Collection entries

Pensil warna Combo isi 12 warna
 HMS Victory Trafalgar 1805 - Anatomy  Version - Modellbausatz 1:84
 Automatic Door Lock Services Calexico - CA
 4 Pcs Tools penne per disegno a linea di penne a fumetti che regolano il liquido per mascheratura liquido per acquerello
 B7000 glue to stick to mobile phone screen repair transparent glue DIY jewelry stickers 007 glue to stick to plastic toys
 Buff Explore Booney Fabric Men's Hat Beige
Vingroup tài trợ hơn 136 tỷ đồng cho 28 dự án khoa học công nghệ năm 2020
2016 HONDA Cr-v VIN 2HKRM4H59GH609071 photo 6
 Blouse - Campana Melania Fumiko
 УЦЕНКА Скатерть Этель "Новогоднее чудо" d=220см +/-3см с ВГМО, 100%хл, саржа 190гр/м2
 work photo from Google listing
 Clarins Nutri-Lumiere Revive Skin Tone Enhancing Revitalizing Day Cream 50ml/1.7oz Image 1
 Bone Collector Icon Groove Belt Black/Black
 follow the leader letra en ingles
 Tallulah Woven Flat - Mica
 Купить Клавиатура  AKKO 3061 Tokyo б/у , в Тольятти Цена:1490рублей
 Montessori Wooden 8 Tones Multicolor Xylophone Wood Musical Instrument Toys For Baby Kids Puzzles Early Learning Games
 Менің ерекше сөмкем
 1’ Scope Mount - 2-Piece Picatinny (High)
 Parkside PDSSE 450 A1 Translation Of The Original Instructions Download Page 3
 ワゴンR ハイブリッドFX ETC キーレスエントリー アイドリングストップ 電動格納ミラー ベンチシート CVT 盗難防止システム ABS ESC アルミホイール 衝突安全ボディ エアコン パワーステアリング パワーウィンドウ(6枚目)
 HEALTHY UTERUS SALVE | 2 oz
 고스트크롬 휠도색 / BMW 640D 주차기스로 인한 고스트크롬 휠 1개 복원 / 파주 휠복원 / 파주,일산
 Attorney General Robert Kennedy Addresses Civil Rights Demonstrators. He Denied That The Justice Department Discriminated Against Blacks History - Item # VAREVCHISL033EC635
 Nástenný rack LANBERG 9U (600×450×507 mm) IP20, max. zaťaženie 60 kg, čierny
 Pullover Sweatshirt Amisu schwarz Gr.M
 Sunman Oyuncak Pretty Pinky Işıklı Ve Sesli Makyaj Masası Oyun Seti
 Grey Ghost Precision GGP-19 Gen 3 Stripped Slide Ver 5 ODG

### [INSTRUCTIONS TO FOLLOW]
Pull every line containing the string "photo" out of the data above and copy it.

### [THE ANSWER]
2016 HONDA Cr-v VIN 2HKRM4H59GH609071 photo 6
 work photo from Google listing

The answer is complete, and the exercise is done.